Let $X$ be a complete intersection of a quadric and a cubic in $\mathbb{P}^5$. In the smooth case it is a so-called Fano threefold of index one and degree six.
I would like to consider the case when $X$ has only ordinary double points as singularities. The question is: what's maximal number of ordinary double points that $X$ can have?

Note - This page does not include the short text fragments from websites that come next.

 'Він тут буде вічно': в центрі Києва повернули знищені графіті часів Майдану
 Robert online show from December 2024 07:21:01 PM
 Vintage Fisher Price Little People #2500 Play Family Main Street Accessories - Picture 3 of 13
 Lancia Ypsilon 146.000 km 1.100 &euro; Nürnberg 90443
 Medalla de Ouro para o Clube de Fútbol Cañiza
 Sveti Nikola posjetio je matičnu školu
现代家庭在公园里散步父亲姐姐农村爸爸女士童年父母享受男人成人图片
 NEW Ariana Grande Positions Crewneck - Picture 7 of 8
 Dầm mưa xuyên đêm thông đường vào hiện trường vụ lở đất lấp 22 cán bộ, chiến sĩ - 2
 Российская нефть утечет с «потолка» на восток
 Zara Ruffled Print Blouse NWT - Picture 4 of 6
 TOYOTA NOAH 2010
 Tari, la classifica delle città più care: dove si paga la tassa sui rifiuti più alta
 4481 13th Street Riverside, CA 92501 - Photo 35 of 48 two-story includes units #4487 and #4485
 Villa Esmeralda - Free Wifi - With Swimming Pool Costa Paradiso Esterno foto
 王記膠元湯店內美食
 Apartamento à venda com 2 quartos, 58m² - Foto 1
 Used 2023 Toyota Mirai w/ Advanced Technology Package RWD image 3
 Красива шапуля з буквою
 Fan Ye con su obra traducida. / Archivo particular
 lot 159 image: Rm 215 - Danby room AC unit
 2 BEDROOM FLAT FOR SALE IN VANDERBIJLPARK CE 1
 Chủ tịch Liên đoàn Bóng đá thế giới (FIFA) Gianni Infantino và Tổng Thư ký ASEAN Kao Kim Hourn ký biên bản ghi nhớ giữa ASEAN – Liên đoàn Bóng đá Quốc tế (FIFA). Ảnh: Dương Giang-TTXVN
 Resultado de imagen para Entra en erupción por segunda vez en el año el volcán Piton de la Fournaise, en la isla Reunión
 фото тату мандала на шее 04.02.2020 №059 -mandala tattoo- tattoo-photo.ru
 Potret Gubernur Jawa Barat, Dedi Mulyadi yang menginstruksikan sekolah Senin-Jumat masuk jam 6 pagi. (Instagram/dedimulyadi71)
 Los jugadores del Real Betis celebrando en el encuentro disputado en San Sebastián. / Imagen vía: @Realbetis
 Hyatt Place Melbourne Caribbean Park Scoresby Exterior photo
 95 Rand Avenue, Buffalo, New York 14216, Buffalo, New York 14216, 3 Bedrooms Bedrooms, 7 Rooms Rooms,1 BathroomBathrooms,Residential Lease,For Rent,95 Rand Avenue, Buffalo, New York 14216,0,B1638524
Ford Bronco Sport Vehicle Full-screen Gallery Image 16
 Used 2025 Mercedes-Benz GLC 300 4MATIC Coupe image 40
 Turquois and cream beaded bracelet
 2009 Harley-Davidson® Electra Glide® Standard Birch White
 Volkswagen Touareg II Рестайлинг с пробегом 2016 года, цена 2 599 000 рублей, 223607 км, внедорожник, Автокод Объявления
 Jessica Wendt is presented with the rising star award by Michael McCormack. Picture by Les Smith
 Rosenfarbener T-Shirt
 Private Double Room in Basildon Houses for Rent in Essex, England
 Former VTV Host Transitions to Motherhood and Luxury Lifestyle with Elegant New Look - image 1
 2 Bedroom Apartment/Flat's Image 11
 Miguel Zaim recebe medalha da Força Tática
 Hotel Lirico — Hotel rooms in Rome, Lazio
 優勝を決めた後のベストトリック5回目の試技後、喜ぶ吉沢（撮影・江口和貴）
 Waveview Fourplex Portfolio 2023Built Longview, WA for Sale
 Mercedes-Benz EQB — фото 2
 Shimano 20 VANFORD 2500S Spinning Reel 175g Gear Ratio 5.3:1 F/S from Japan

Here is a lower bound. The threefold $X$ defined by the following two equations $$ x_0^2 + x_1^2 + x_2^2 - x_3^2 - x_4^2 - x_5^2 = (x_0 + x_1 + x_2 - x_3 - x_4 - x_5)^2 $$ $$ x_0^3 + x_1^3 + x_2^3 - x_3^3 - x_4^3 - x_5^3 = (x_0 + x_1 + x_2 - x_3 - x_4 - x_5)^3 $$ has $34$ ordinary double points. (I found these by projecting a $5$-dimensional Segre cubic with $35$ ordinary double points from one of them.) The singularities are located at points $[x_0, ..., x_5]$ such that all $x_i$'s are $0$ or $1$, and the number of $1$'s among $x_0, x_1, x_2$ is either equal to or one more than the number of $1$'s among $x_3, x_4, x_5$.
Can there be more than $34$?
Another question: is $X$ necessarily a rational variety when the number of ordinary double points is large enough?